Confidence Intervals For Estimating The Population Mean In

Confidence Intervals for estimating the Population Mean In each problem assume a normal distribution

Confidence Intervals for estimating the Population Mean µ In each problem assume a normal distribution

Review and solve the two problems involving confidence intervals for estimating a population mean (µ) provided below. For each, determine the critical value (z or t), compute the margin of error, and construct the confidence interval. Assume normal distribution in both cases and use the given data.

Paper For Above instruction

Problem 1

Given data:

  • Sample size (n) = 64
  • Sample mean (x̄) = 23,228
  • Population standard deviation (σ) = 8,779
  • Confidence level = 92%

Solution:

First, identify the appropriate critical value (z) since the population standard deviation (σ) is known and the sample size is sufficiently large (n > 30). For a 92% confidence level, the remaining alpha (α) is 8%, thus the area in the two tails combined is 0.08, with each tail having 0.04. Therefore, the critical z-value (z) corresponds to the 96th percentile of the standard normal distribution.

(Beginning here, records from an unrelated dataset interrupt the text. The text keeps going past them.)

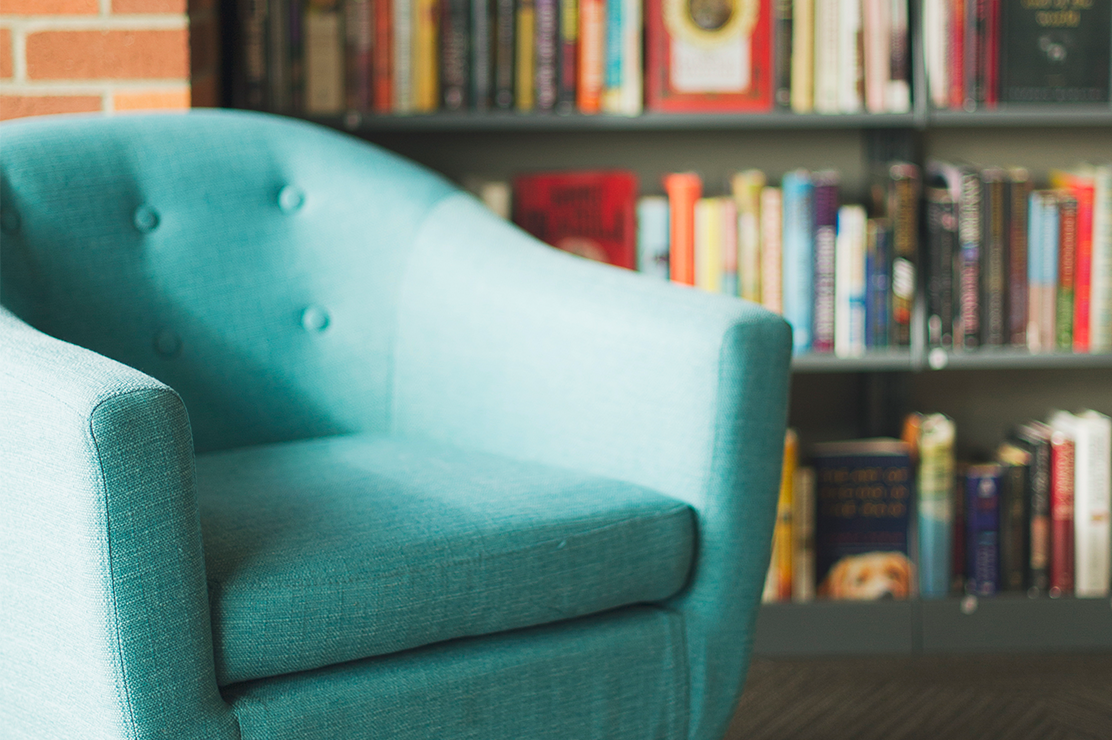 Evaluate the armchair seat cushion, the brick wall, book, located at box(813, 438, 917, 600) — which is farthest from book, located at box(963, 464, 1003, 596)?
the brick wall

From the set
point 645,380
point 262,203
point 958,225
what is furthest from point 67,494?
point 958,225

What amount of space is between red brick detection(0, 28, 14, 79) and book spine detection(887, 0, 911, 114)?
4.48ft

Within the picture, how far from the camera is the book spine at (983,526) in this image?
2016 mm

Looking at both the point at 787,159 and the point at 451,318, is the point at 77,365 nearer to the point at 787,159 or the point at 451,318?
the point at 451,318

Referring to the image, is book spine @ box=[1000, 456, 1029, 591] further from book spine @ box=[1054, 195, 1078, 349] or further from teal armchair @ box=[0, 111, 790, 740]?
teal armchair @ box=[0, 111, 790, 740]

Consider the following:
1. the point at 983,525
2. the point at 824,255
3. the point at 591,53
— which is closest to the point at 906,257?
the point at 824,255

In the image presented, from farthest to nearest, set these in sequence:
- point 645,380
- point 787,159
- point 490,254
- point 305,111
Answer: point 787,159, point 305,111, point 490,254, point 645,380

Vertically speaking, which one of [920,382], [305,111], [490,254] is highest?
[305,111]


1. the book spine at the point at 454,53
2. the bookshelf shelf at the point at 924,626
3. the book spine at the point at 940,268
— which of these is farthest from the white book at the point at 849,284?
the book spine at the point at 454,53

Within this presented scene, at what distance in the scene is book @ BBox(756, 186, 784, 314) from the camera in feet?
6.51

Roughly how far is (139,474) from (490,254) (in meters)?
0.63

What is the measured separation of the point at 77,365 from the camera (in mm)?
940

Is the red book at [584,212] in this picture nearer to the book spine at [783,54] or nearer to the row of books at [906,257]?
the row of books at [906,257]

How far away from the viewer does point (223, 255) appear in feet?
4.83
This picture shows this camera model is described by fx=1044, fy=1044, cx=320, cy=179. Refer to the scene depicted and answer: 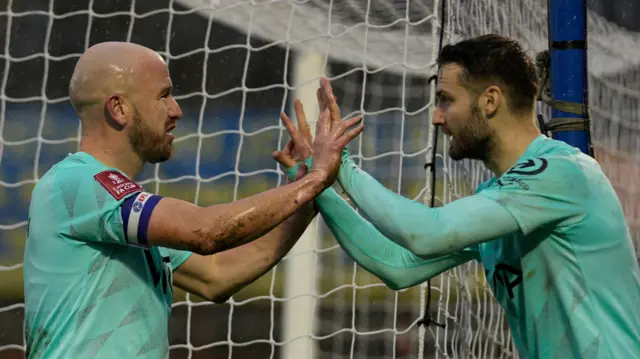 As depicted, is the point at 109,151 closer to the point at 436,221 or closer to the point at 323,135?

From standard normal distribution tables, the z* for 96% confidence interval (i.e., 1 - (1 - 0.92)/2 = 0.96) is approximately 1.75.

Calculating the Margin of Error (ME):

  • ME = z (σ/√n) = 1.75 (8779 / √64) = 1.75 (8779 / 8) = 1.75 1097.375 ≈ 1922.53

Constructing the confidence interval:

  • Lower limit = x̄ - ME = 23,228 - 1,922.53 ≈ 21,305.47
  • Upper limit = x̄ + ME = 23,228 + 1,922.53 ≈ 25,150.53

Final confidence interval: (21,305.47, 25,150.53)

Problem 2

Given data:

  • Sample size (n) = 31
  • Sample mean (x̄) = 134.5
  • Sample standard deviation (s) = 3.48
  • Confidence level = 95%

Solution:

Since the population standard deviation is unknown, and the sample size n=31 is less than 30 but generally acceptable with the t-distribution, we use the t-distribution with degrees of freedom (df) = n - 1 = 30.

The critical value (t) corresponds to a 95% confidence level with df=30. Looking at t-distribution tables or using statistical software, t ≈ 2.042.

Calculating the Margin of Error (ME):

  • ME = t (s/√n) = 2.042 (3.48 / √31) ≈ 2.042 (3.48 / 5.567) ≈ 2.042 * 0.625 ≈ 1.277

Constructing the confidence interval:

  • Lower limit = x̄ - ME = 134.5 - 1.277 ≈ 133.223
  • Upper limit = x̄ + ME = 134.5 + 1.277 ≈ 135.777

Final confidence interval: (133.223, 135.777)

Summary

In these problems, the appropriate z- or t-values were used based on the known population standard deviation and sample size. The margin of error was calculated accordingly, and the confidence intervals give a range where the true population mean is likely to fall with specified confidence levels. Such calculations are fundamental in inferential statistics to estimate population parameters based on sample data.